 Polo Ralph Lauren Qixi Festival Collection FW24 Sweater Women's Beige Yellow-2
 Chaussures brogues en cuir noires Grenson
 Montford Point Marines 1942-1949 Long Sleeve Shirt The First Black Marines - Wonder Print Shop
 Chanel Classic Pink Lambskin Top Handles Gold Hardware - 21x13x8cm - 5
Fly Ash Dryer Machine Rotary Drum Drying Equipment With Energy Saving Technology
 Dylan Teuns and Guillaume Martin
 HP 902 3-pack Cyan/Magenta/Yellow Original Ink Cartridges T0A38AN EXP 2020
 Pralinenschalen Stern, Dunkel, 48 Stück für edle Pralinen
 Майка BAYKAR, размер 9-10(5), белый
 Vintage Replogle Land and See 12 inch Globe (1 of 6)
...
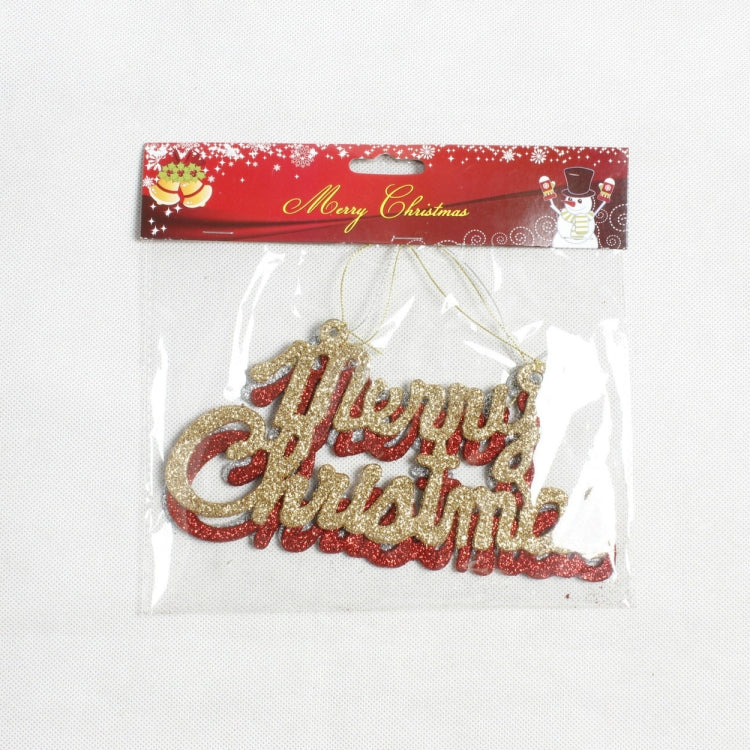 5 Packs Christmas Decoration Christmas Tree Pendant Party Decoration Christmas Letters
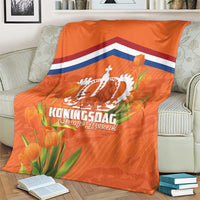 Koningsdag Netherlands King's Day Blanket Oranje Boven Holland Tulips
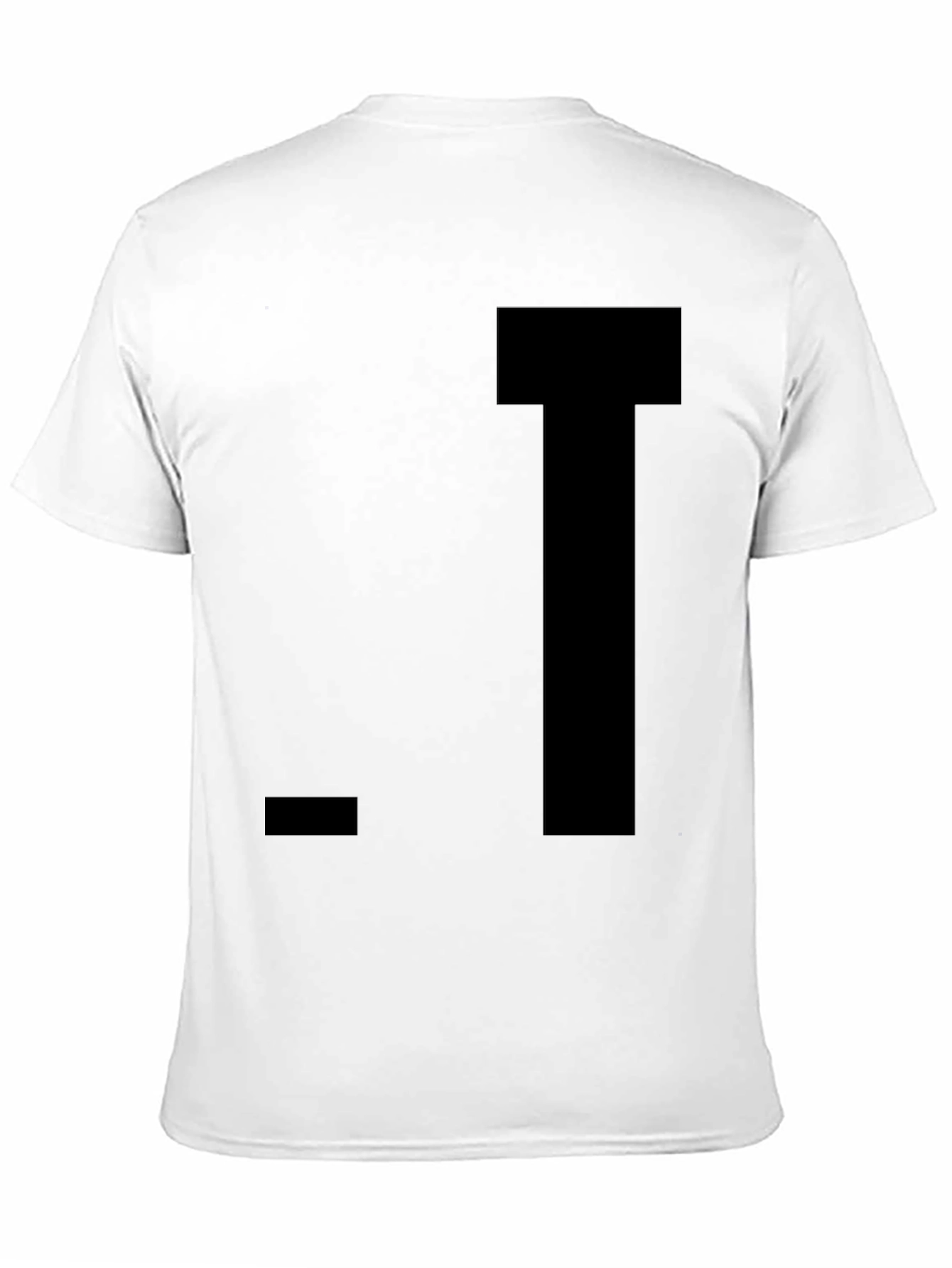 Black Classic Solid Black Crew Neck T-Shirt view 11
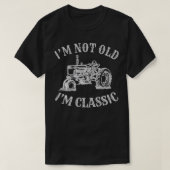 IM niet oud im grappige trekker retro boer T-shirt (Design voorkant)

**Brief:** The answer is every line in the data where the word "Yellow" appears.

**Written solution:**
 Polo Ralph Lauren Qixi Festival Collection FW24 Sweater Women's Beige Yellow-2
 HP 902 3-pack Cyan/Magenta/Yellow Original Ink Cartridges T0A38AN EXP 2020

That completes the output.